━━━ Exercise input
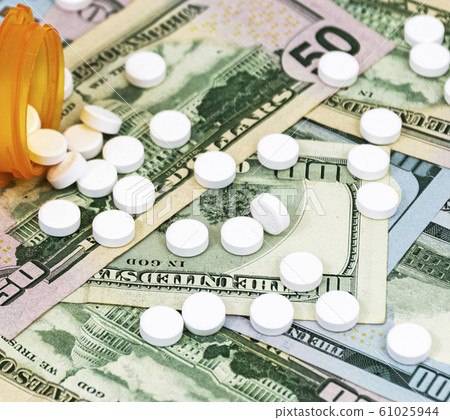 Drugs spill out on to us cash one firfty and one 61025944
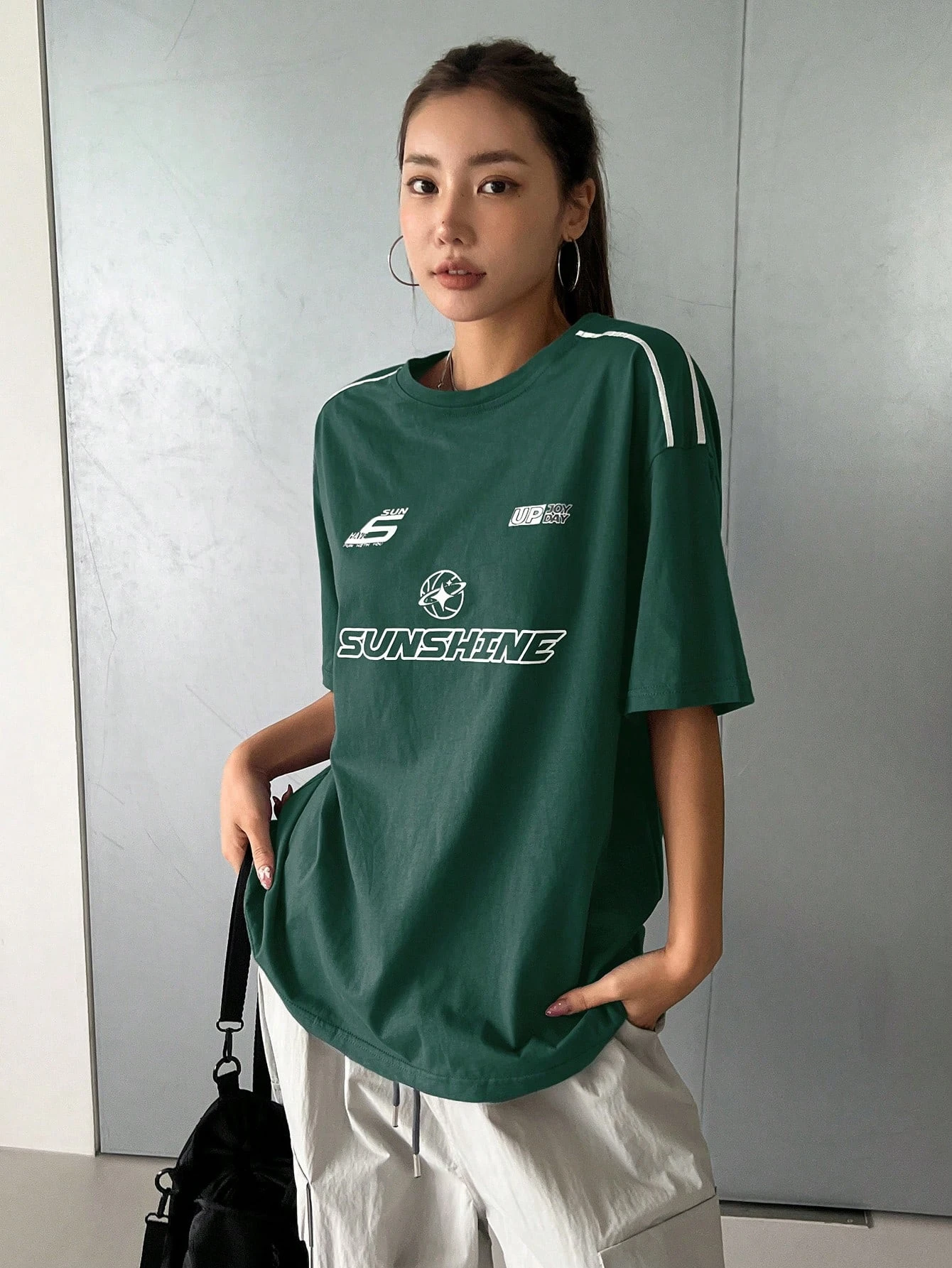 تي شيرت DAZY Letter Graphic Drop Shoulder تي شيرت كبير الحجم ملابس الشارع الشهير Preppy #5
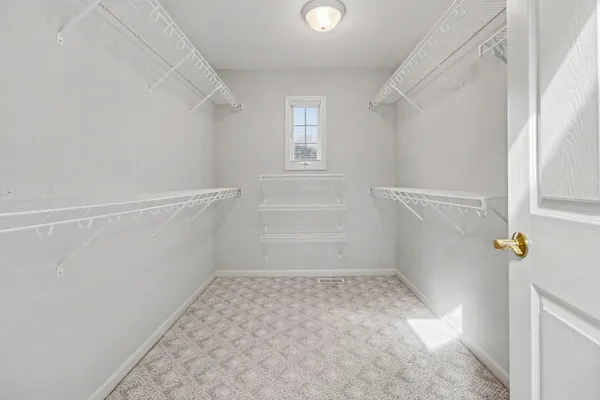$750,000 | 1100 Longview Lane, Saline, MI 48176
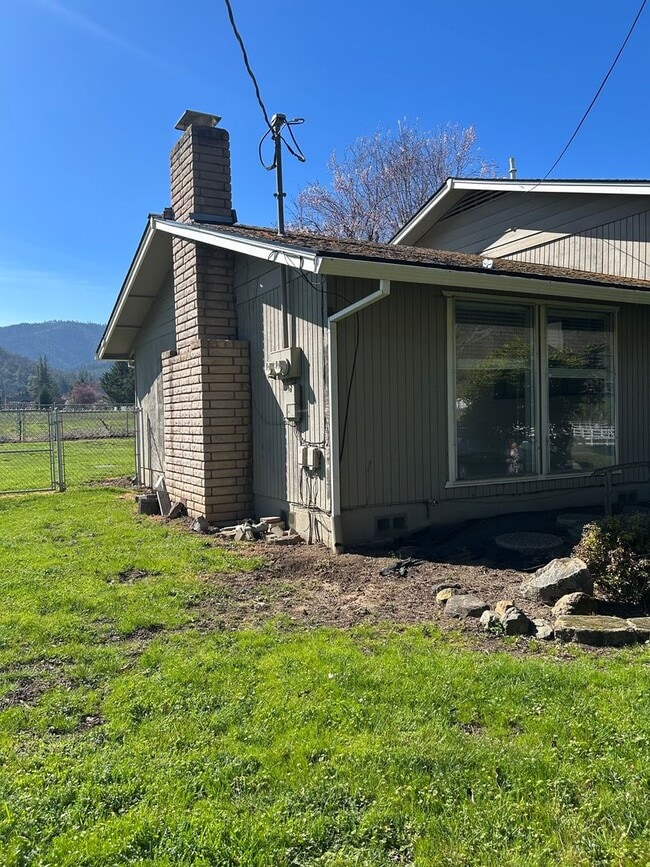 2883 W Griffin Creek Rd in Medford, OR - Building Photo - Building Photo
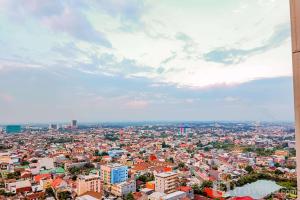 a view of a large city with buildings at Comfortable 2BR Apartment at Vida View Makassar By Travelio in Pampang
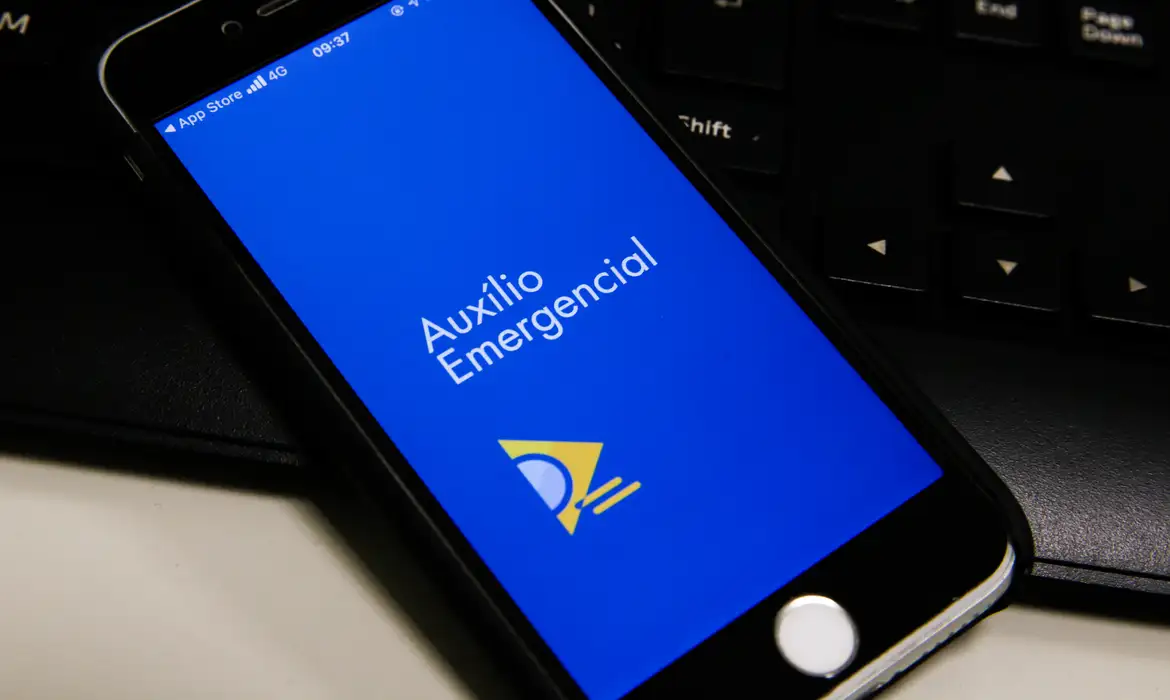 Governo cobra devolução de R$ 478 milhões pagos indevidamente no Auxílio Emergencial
━━━━━━
- Problem description -
Return only the lines running from the top of the data to the line that holds "a view of a". Include both of those lines, but skip the pictures.

- Result -
 Drugs spill out on to us cash one firfty and one 61025944
 تي شيرت DAZY Letter Graphic Drop Shoulder تي شيرت كبير الحجم ملابس الشارع الشهير Preppy #5
$750,000 | 1100 Longview Lane, Saline, MI 48176
 2883 W Griffin Creek Rd in Medford, OR - Building Photo - Building Photo
 a view of a large city with buildings at Comfortable 2BR Apartment at Vida View Makassar By Travelio in Pampang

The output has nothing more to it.